# [Task statement]
Please output all the entries word for word, without the pictures.

# [Input records]

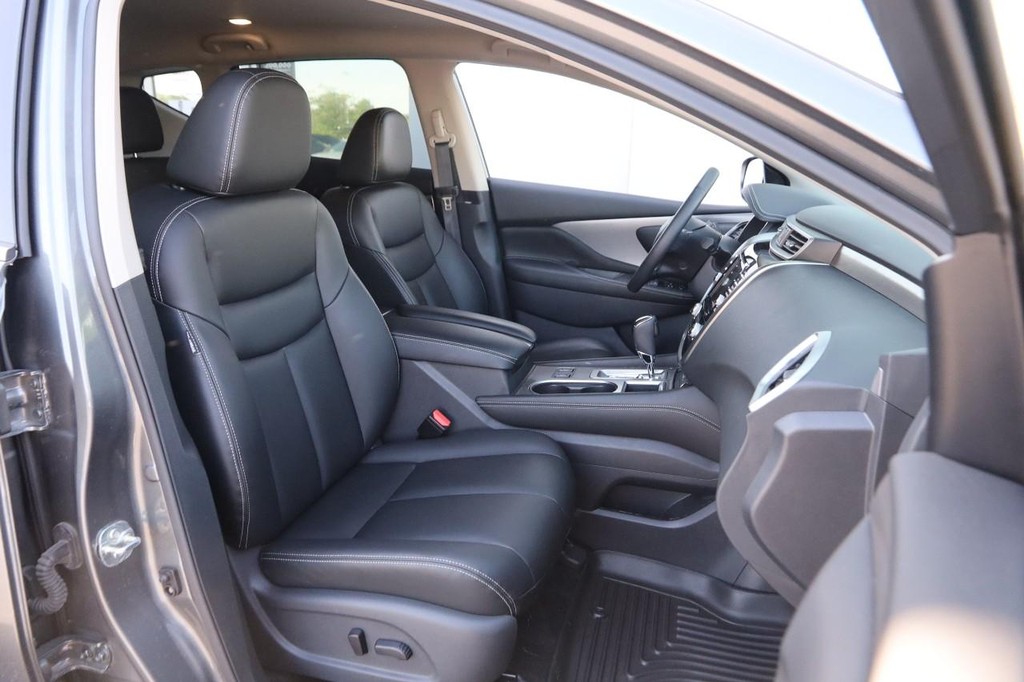 Nissan Murano Vehicle Image 26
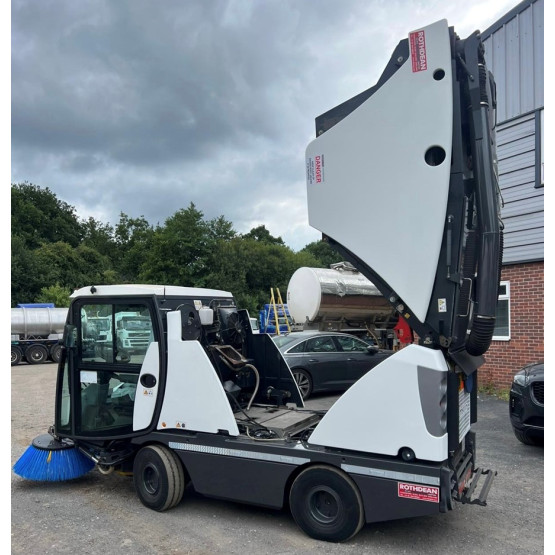 2019 JOHNSTON C202 ROAD SWEEPER in Compact Sweepers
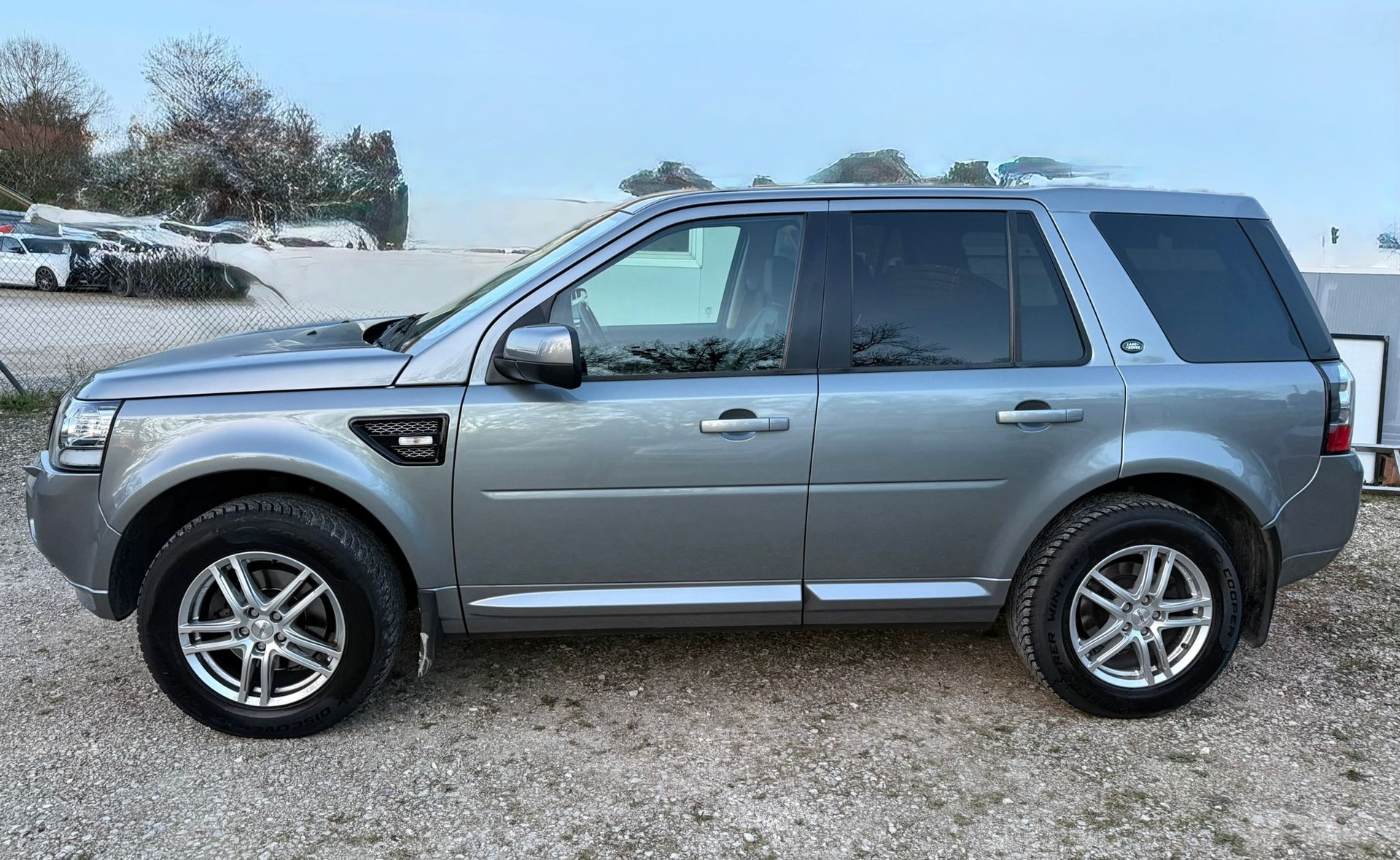 LAND ROVER Freelander 2.0 SE Automatic-image-4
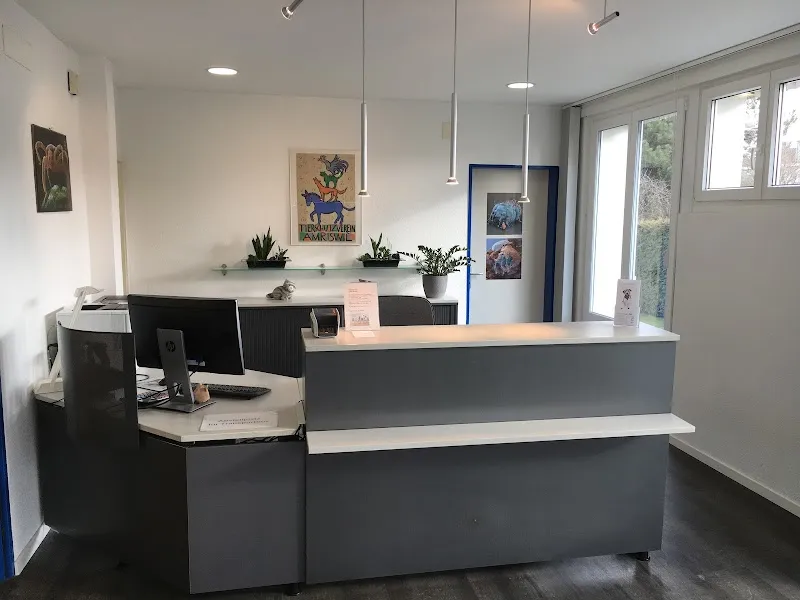 Tierarztpraxis im Hölzli — Vétérinaire, Amriswil, Thurgovie. Foto 2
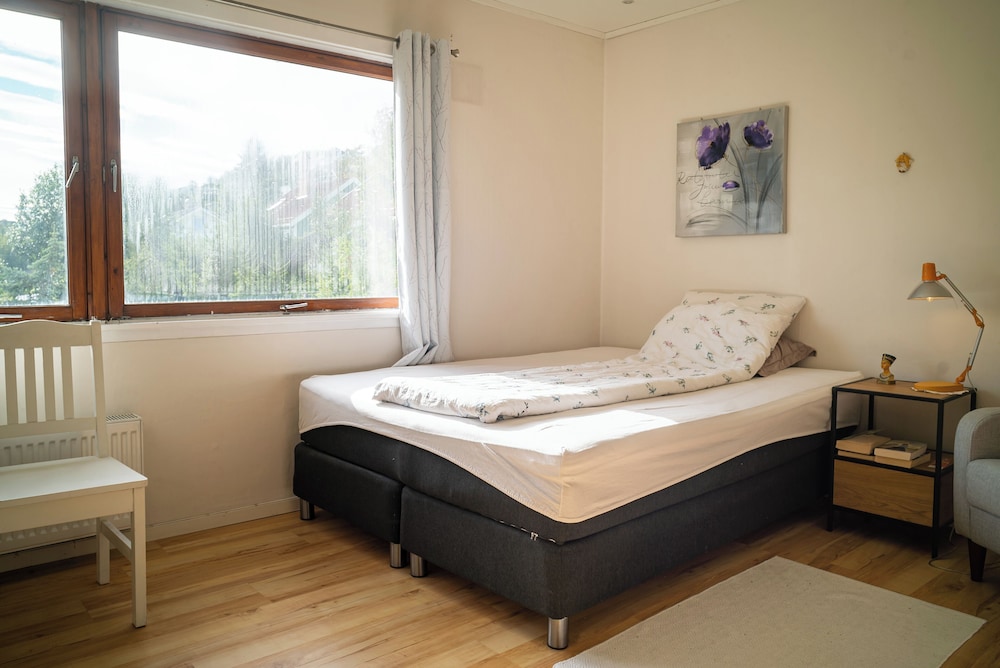 Apartment photo 2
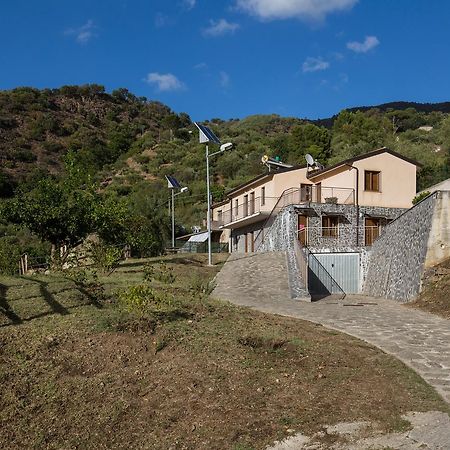 Turismo Rurale Il Sole Villa Sant'Angelo di Brolo Exterior foto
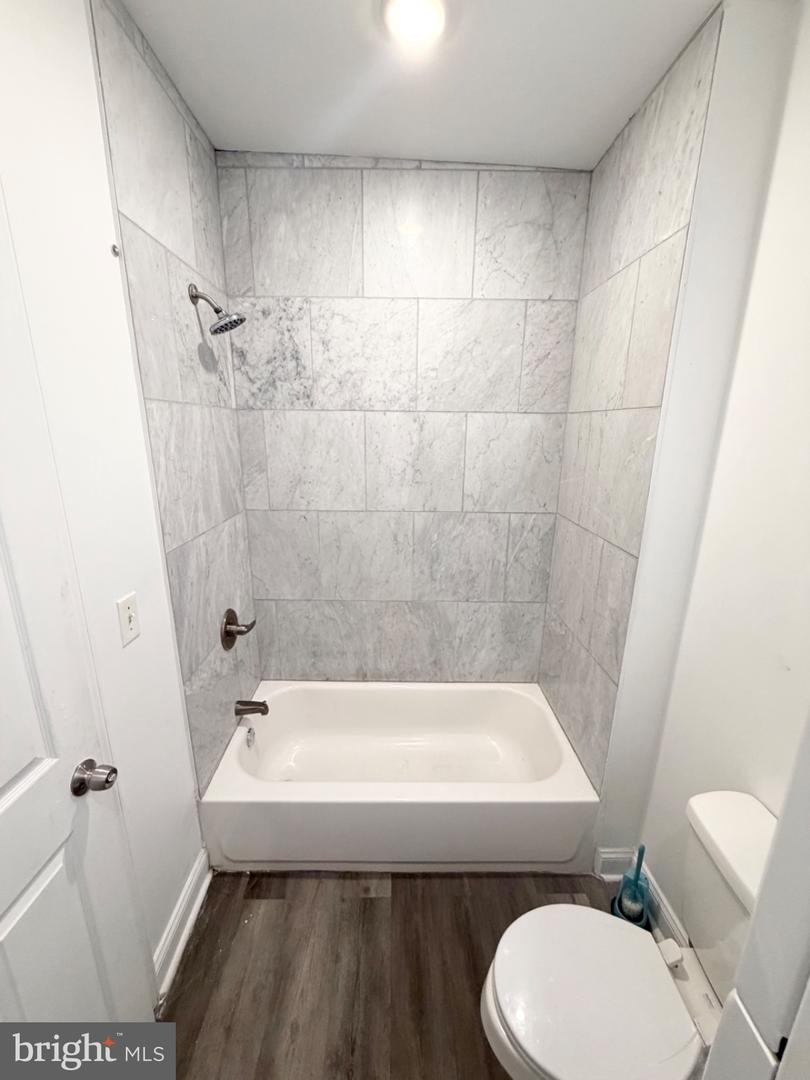 3051 Judson St Property Photo 6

# [Exercise output]
 Nissan Murano Vehicle Image 26
 2019 JOHNSTON C202 ROAD SWEEPER in Compact Sweepers
 LAND ROVER Freelander 2.0 SE Automatic-image-4
 Tierarztpraxis im Hölzli — Vétérinaire, Amriswil, Thurgovie. Foto 2
 Apartment photo 2
 Turismo Rurale Il Sole Villa Sant'Angelo di Brolo Exterior foto
 3051 Judson St Property Photo 6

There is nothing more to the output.